Новым в этом образе является радикальность переключения с созерцания на атаку. Фихте разъясняет этот рекламируемый им modus vivendi, одновременно затушенный и сверходушевленный, на примере “Правителя”, которого философ представляет как властителя, просветленного “наукоучением”. О нем говорится в Восьмой Эрлангенской лекции “О сущности ученого и ее явлениях в областях свободы” летнего семестра 1805 года: 
(Правитель) “признает себя одним из первых и ближайших слуг Божества, одним из существующих во плоти членов, которыми оно прямо вмешивается в действительность. … Он всегда желает не того, чтобы вообще нечто совершалось, но чтобы совершалось то, чего желает идея. Пока идея безмолвствует в нем, молчит и он, ибо только для нее владеет он даром речи. … Таким образом идея совершенно, всецело и без изъятия владеет им и пронизывает его, и от его личности и течения его жизни не остается ничего, что не сгорало бы вечной жертвой на алтаре идеи. И так он в самом деле есть самое непосредственное явление Бога в мире.”

Представляется вполне оправданным предположение, что в этом наброске Фихте косвенно изобразил самого себя - слишком уж очевидны аналогии между бескорыстным правителем-политиком во главе государства и правителем-логиком перед завороженной аудиторией. Здесь обнаруживается интеллектуальное преломление феномена, получившего позднее название фундаментализма, когда этим понятием обозначается действие, основанном якобы на божественной инструкции, с той только разницей, что обычные приверженцы фундаментализмов незамедлительно прогибаются под преднамеренно преувеличенными авторитетами, будь то священные писания или духовные лидеры. Действие же по Фихте, напротив, производится исключительно эндогенно в силу незаменимых очевидностей у самого мыслящего. 
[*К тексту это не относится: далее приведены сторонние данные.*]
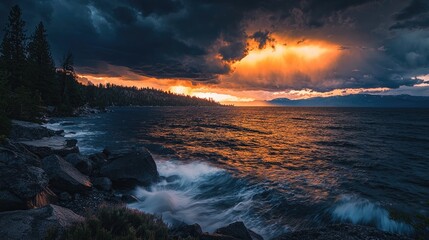 Dramatic sunset over a lake with stormy clouds.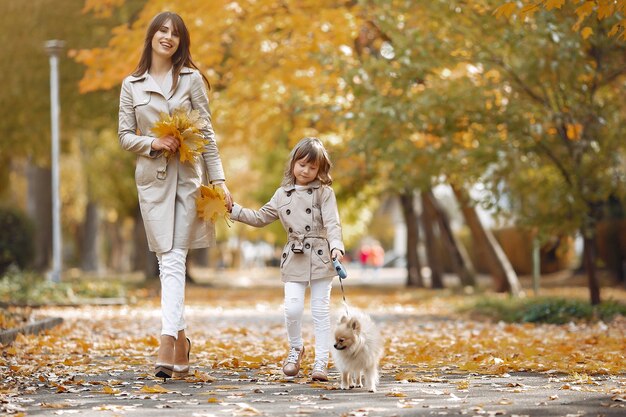 Cute and stylish family in a autumn park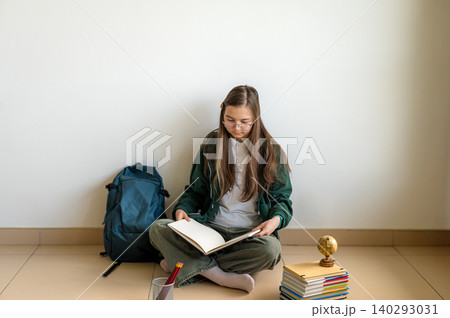 Teenage student holding books on white background Teenage student holding books on white background 140293031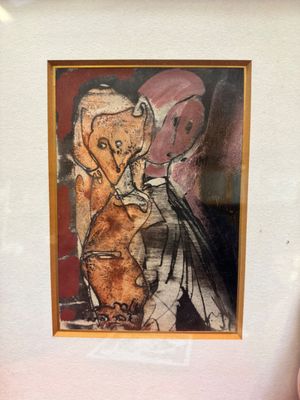 painting of a woman and a cat in a frame on a table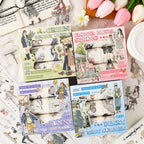 Overhead shot of all four styles of the Radiance Gentle Words washi tape collection: Meadow Whispers (Green), Sunny Campus (Purple), Spring Picnic (Pink), and Cozy Café (Blue). Each set contains 6 rolls.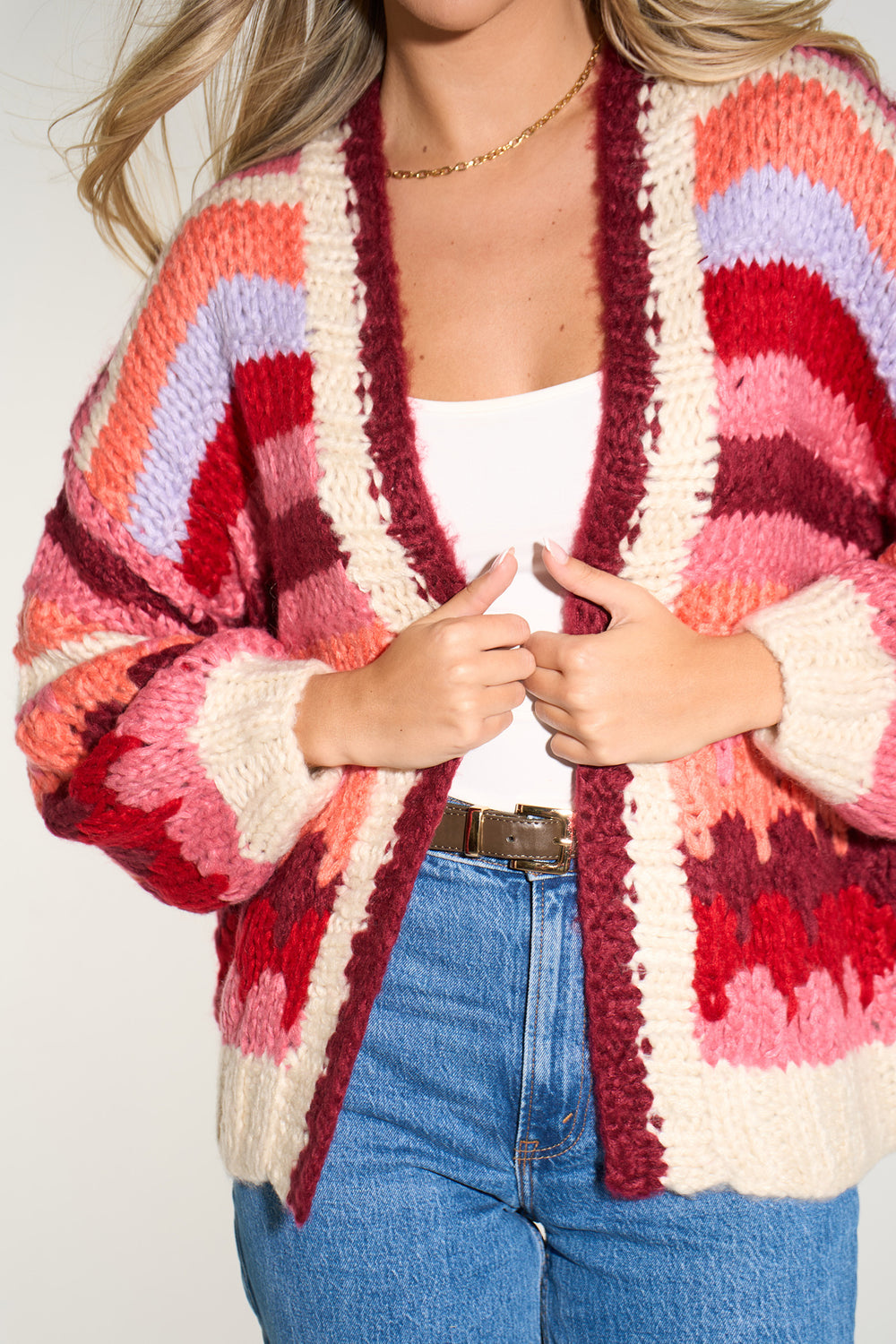 hand-knitted-strip-cardigan-in-red-berry-closeup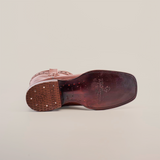 Bottom view of a Grisly Brown - Rodeo Toe cowboy boot on its side against a white background. The premium cowhide sole features logo engravings and small circular indents, with a squared toe and visible stitching around the edge.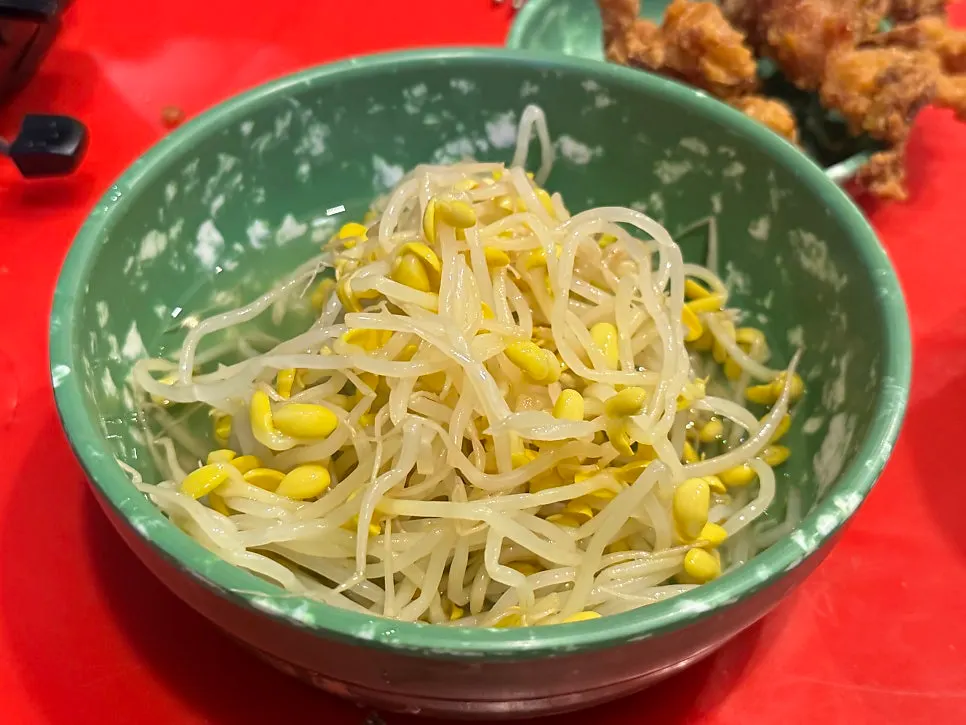 Soup chicken feet topped with a fresh bean sprout refill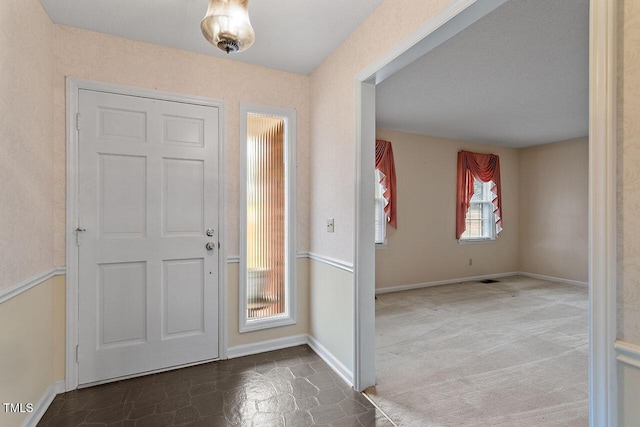 view of carpeted entrance foyer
От этой философии больше не исходит приглашения к жизни, погруженной в мечтания. Она рассылает призывные повестки на священную войну с целью рационального обустройства мира. Как загодя умершим, участникам похода нравственности (который иначе, чем у Маркса, без всякой идеи об окончательной победе уходит всё дальше и дальше в открытое на все времена будущее) нечего бояться за самих себя. В сочинении о “Назначении человека” 1800 года демонстрируется, как оно в них говорит, это царство духов, в которое они совершили прорыв: “Нити, которыми мой дух был до сих пор привязан к этому миру… навсегда порваны, и я стою свободный, спокойный и недвижимый, сам составляя собственный мир. … Несомненный конец всякой боли и всякой чувствительности к боли есть смерть. Поэтому среди всего, что естественный человек считает обыкновенно злом, она менее всего является им для меня. Я умру вообще не для себя, но только для других, для остающихся, связь с которыми у меня порвется, а для меня самого час смерти будет часом рождения к новой, более величественной жизни.”